Two former detectives who set up a lie detector business say more firms are wanting to test if potential employees have been lying on their CVs.

Andrew Armstrong and Patrick Mulligan worked for West Midlands Police when they were seconded to St Lucia, where they were introduced to polygraphs.

The pair, of Dudley, claim they are being contacted by increasing numbers of employers to help with recruitment.

However, psychologists have criticised the accuracy of polygraphs.

In the United States, lie detector tests for new recruits are restricted to high-security positions.

However, in the UK, a polygraph can be legally used for any job as long as the participant signs consent forms.

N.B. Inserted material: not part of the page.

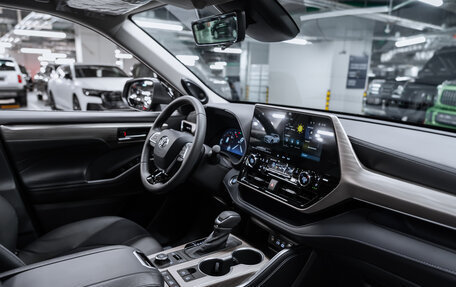 Toyota Highlander, 2025 год, 5 550 000 рублей, 4 фотография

There's no evidence whatsoever that polygraph tests tell you anything about a person's performance at work
Occupational psychologist
Dr Steve Woods

The test is based on changes in breathing, sweat levels and blood pressure and is said to be 98% accurate.

The data from the polygraph tests is encrypted and must be destroyed after a year.

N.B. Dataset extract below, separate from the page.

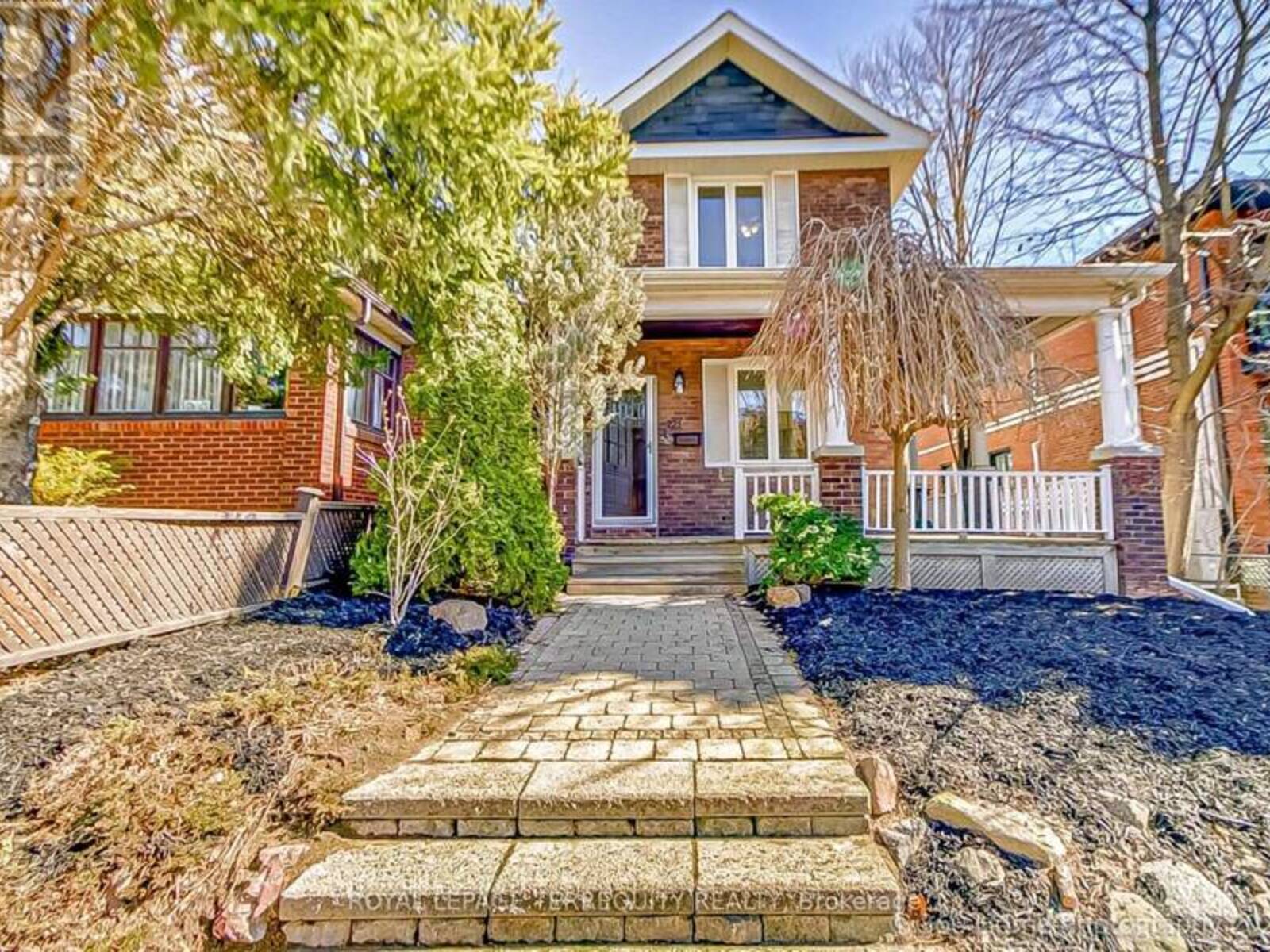 221 WINDERMERE AVENUE, Toronto, Ontario M6S 3K2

Mr Mulligan said their lie detector process, which has been used on clients including a security company and a bodybuilding business, did not tell potential employees whether to recruit someone or not.

He said it just gave them the data and allowed the companies to make decisions for themselves.

However, occupational psychologist, Dr Steve Woods, of the Aston Business School, said he had researched polygraphs and said he had doubts about their capabilities for recruitment.

Dr Woods said: "There's no evidence whatsoever that polygraph tests tell you anything about a person's performance at work and desirable behaviour at work."